Elephant Parts (1981)

elephant-partsIt’s no The Kentucky Fried Movie, but Mike Nesmith’s hour-long patchwork of comedy sketches and music videos (Nesmith calls it a “video record”) is so goofy that it feels like you just exhaled your third monster bong hit of the night. It’s not great, but it stands out because few musicians have ever done anything like it. It’s post-Devo and pre-MTV. Like Devo, Nesmith uses music videos here to be weird and conceptual rather than just show off his face and sell some singles. It’s a loose and strange affair. It’s a new wave relic made by a Monkee. It was produced specifically for the early days of home video and cable television and it plays best when you’re zoned-out on the couch at 3 AM.

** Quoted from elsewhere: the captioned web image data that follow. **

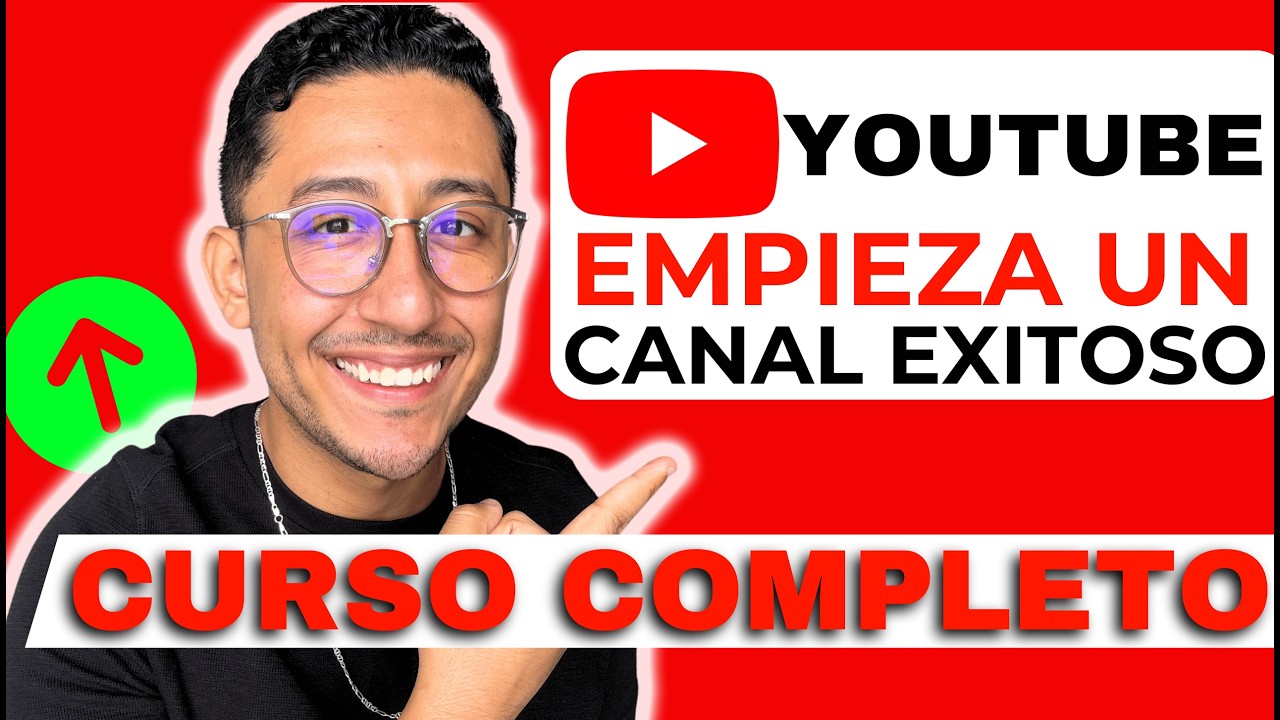 Cómo CRECER un CANAL de YOUTUBE en 2026 ✅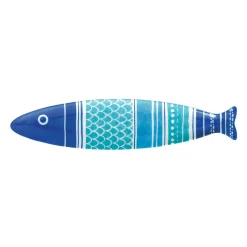 Easy Life Assiette en porcelaine de 30x7cm SEA FRIENDS – versColor 3> Services De Table En Porcelaine​|Sea Friends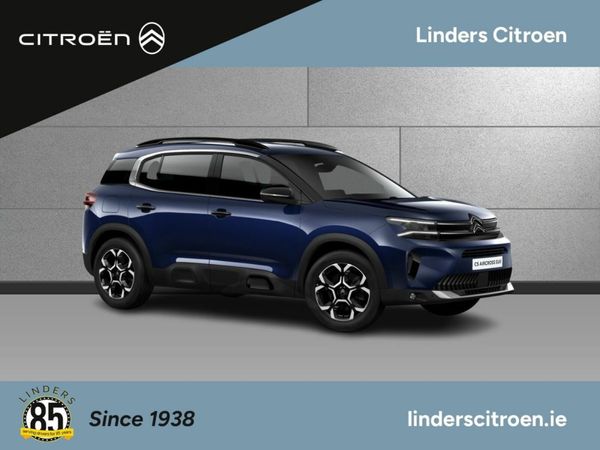 Citroen C5 Aircross SUV, Petrol Plug-in Hybrid, 2026, 
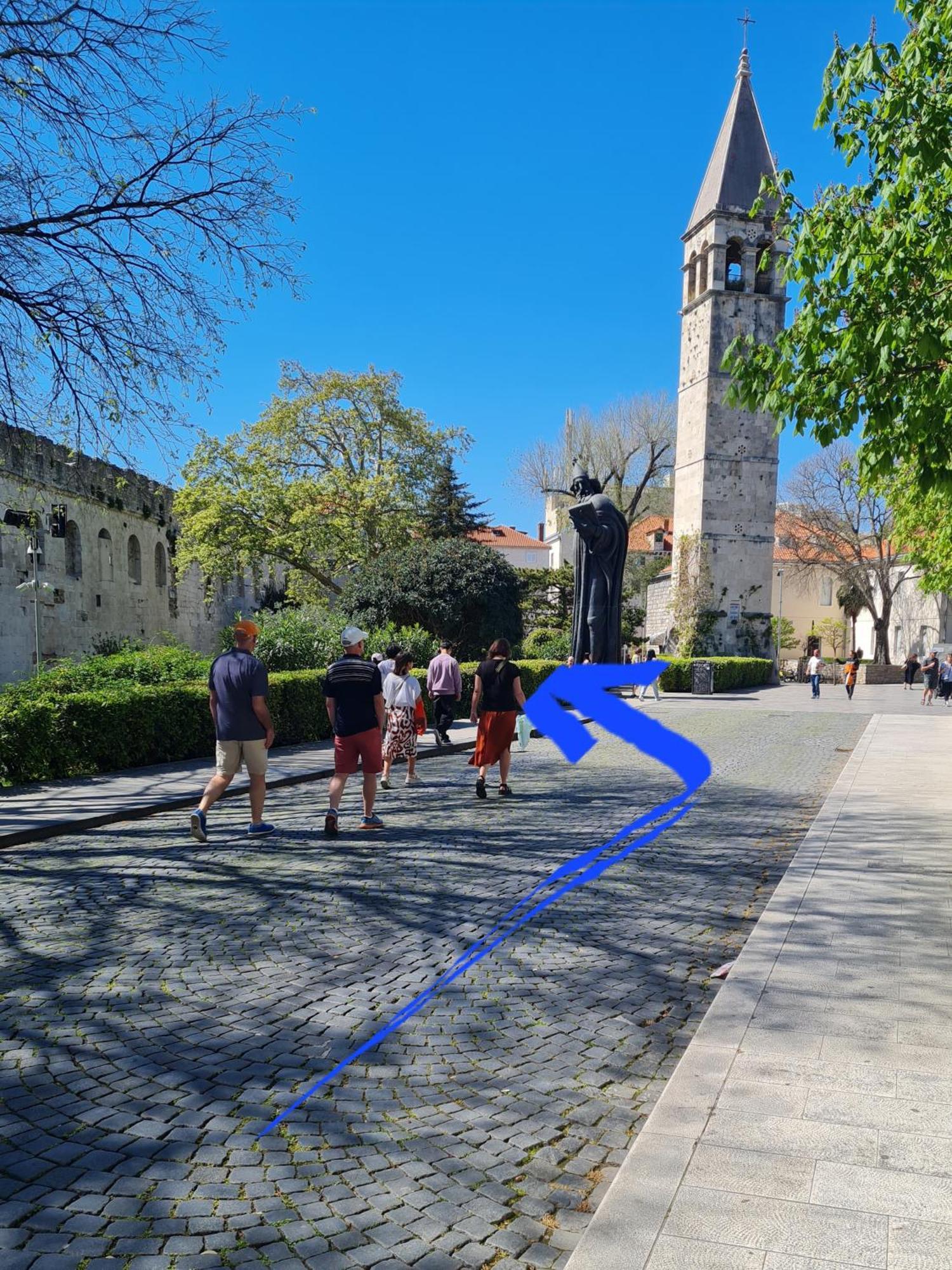 Inchy Accommodation - In The Center Of Diocletian'S Palace Σπλιτ Εξωτερικό φωτογραφία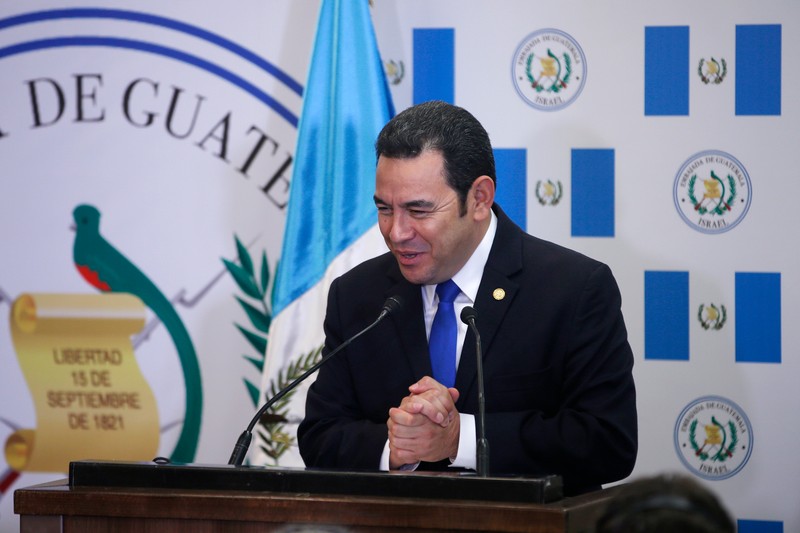 Guatemala și-a inaugurat ambasada din Ierusalim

What you get: Five songs from Nesmith’s last couple of albums, including his soft-rock hit “Rio”, but the best is “Cruisin'”, a weird new wave tune accompanied by a video of two rollerskating girls who wheel around Los Angeles with wrestler Steve Strong. Dominating the film though are comedy bits in the Saturday Night Live vein. They’re mostly lightweight, PG-rated parodies of TV commercials, game shows, and movies. Not many of the jokes have held up over the years, but most of the sketches fly by in only a minute or so.